A blockchains use smart contracts to define the transactions conducted among various blockchain participants. Conditions for accessing and exploiting smart contracts are limited in their capacity to reduce the likelihood of unauthorized access to the blockchain assets. In some examples, the smart contracts are enacted to manage various processes for members or other authorized parties to a blockchain.
Storage ‘tiering’ helps organizations maintain a balance between performance and cost by moving data around different tiers to cope with swings in demand. Tiering ensures that data sits on the most appropriate storage configuration according to the application requirements, whether it be latency or throughput. Most research efforts have focused on traditional storage systems and tiering across different disk types. For instance, hot data residing in tier 2 (high endurance, high capacity, 10K revolution-per-minute RPM hard drives HDs) can be migrated to high performance, high cost solid state drives (SSDs) if deemed necessary. This process is called ‘up-tiering’, where a change is made from a lower class tier to a higher class tier. Similarly, cold data that is not being utilized may be migrated from a higher tier (T1) to a colder tier (T2) to make space for more up-tiering.
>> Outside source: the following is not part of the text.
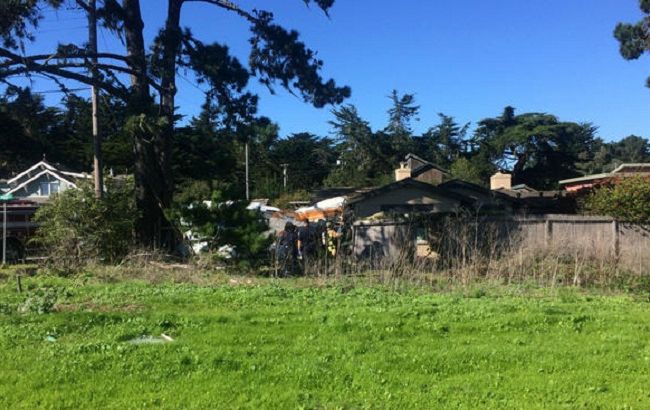 У Каліфорнії чоловік загинув після падіння на його будинок літака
There are many types of tiers used with different data access categories. There are usually several rules with respect to how to map data to the right tier. For example, one of the main metrics dynamic tiering systems use is referred to as input/output (IO) density, which is a function of IO/second/GB. Based on IO density, a decision may be made to up-tier or down-tier storage. Tiering can be performed for object storage, file storage, and block storage. For an object/file, access rate may be examined first, and for a block, the main parameter of interest may be IO density. An example of tier/IO density mapping for block storage may be setup as a tier to IO density correlation, for example, tier 0>=1, tier1B is 0.7-1.0, tier1B is 0.5-0.7, tier2 is 0.1-0.5, tier3 is 0.01-0.1, nearline is 0.0-0.01, inactive is 0 and unknown is null.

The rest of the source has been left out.